_What the task requires:_
When you reach the line that contains "Title: Asheville and", begin copying exactly and continue through the last line below. Do not copy pictures.

<<<<

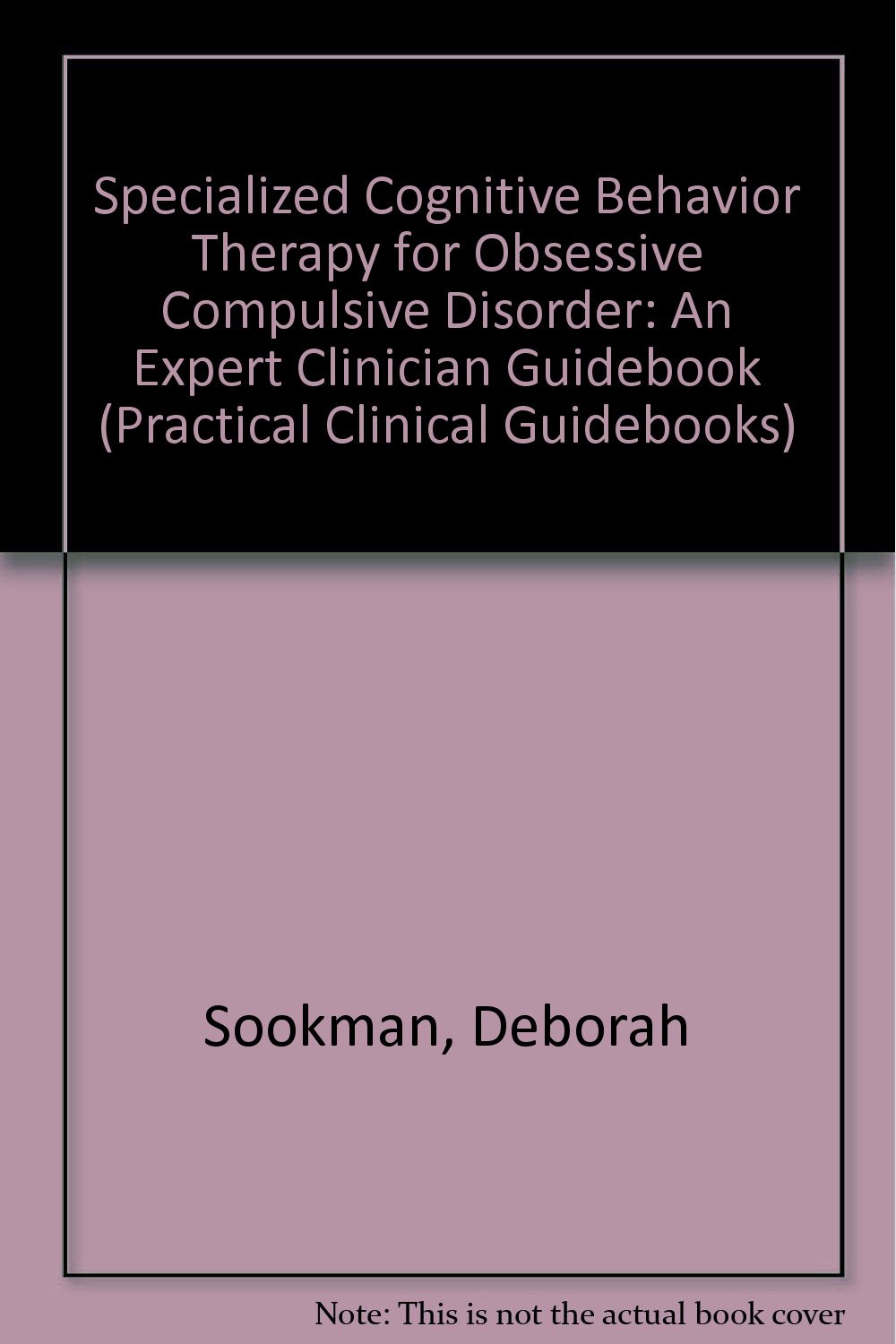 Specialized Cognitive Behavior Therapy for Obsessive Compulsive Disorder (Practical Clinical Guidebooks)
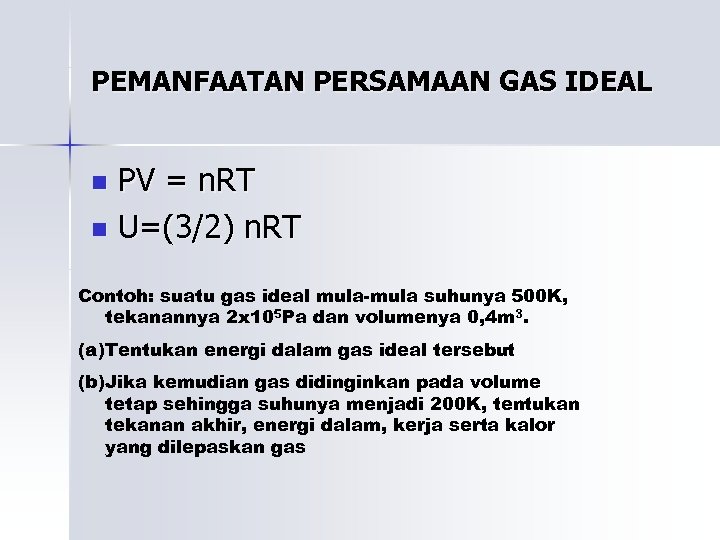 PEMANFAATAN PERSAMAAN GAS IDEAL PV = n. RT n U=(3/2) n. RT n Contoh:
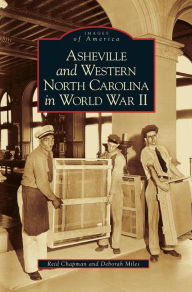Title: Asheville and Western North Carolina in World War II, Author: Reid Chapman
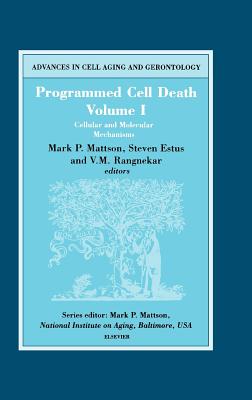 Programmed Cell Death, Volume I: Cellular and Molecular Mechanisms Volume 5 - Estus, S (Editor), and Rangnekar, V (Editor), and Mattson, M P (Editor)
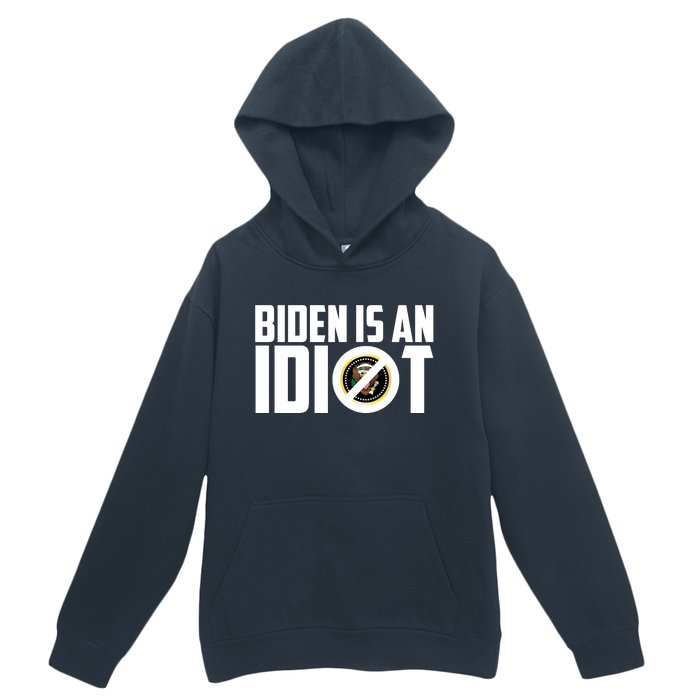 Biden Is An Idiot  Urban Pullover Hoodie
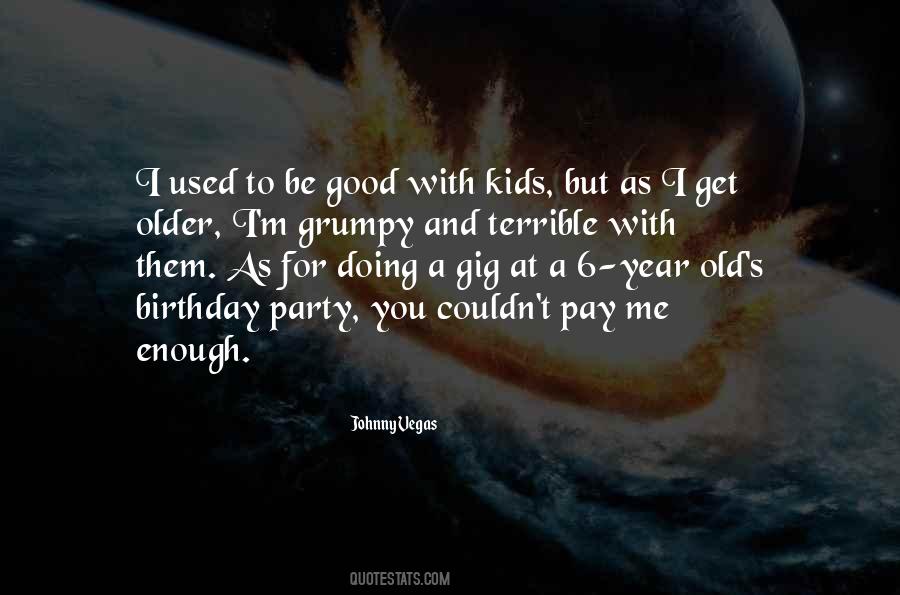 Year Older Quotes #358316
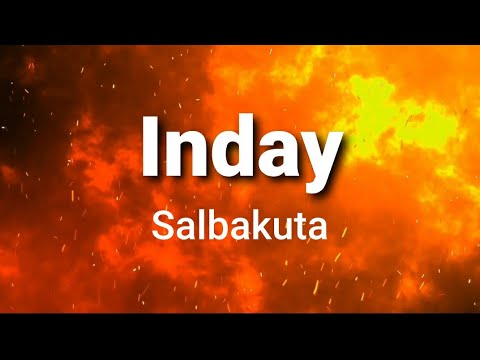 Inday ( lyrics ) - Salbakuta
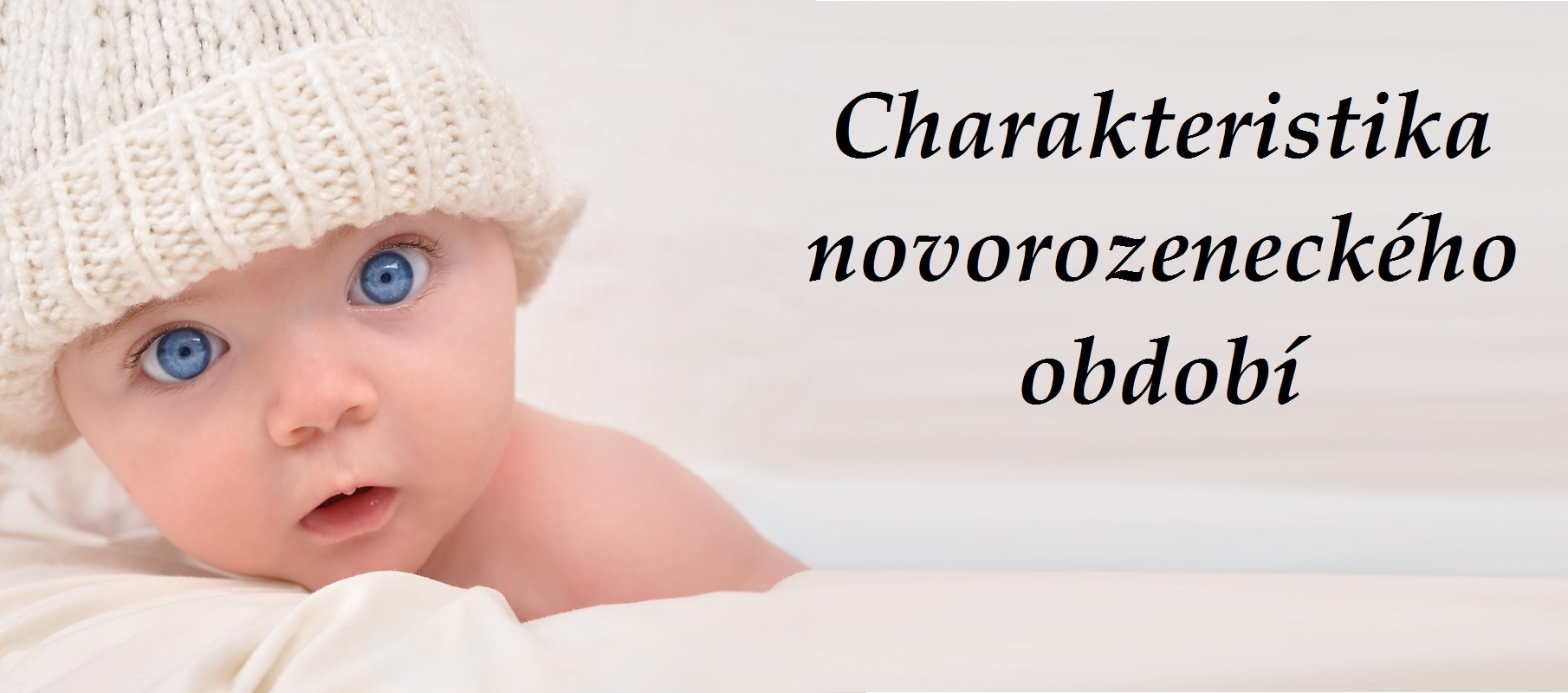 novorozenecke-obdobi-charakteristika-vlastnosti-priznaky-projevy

>>>>

_The answer:_
Title: Asheville and Western North Carolina in World War II, Author: Reid Chapman
 Programmed Cell Death, Volume I: Cellular and Molecular Mechanisms Volume 5 - Estus, S (Editor), and Rangnekar, V (Editor), and Mattson, M P (Editor)
 Biden Is An Idiot  Urban Pullover Hoodie
 Year Older Quotes #358316
 Inday ( lyrics ) - Salbakuta
 novorozenecke-obdobi-charakteristika-vlastnosti-priznaky-projevy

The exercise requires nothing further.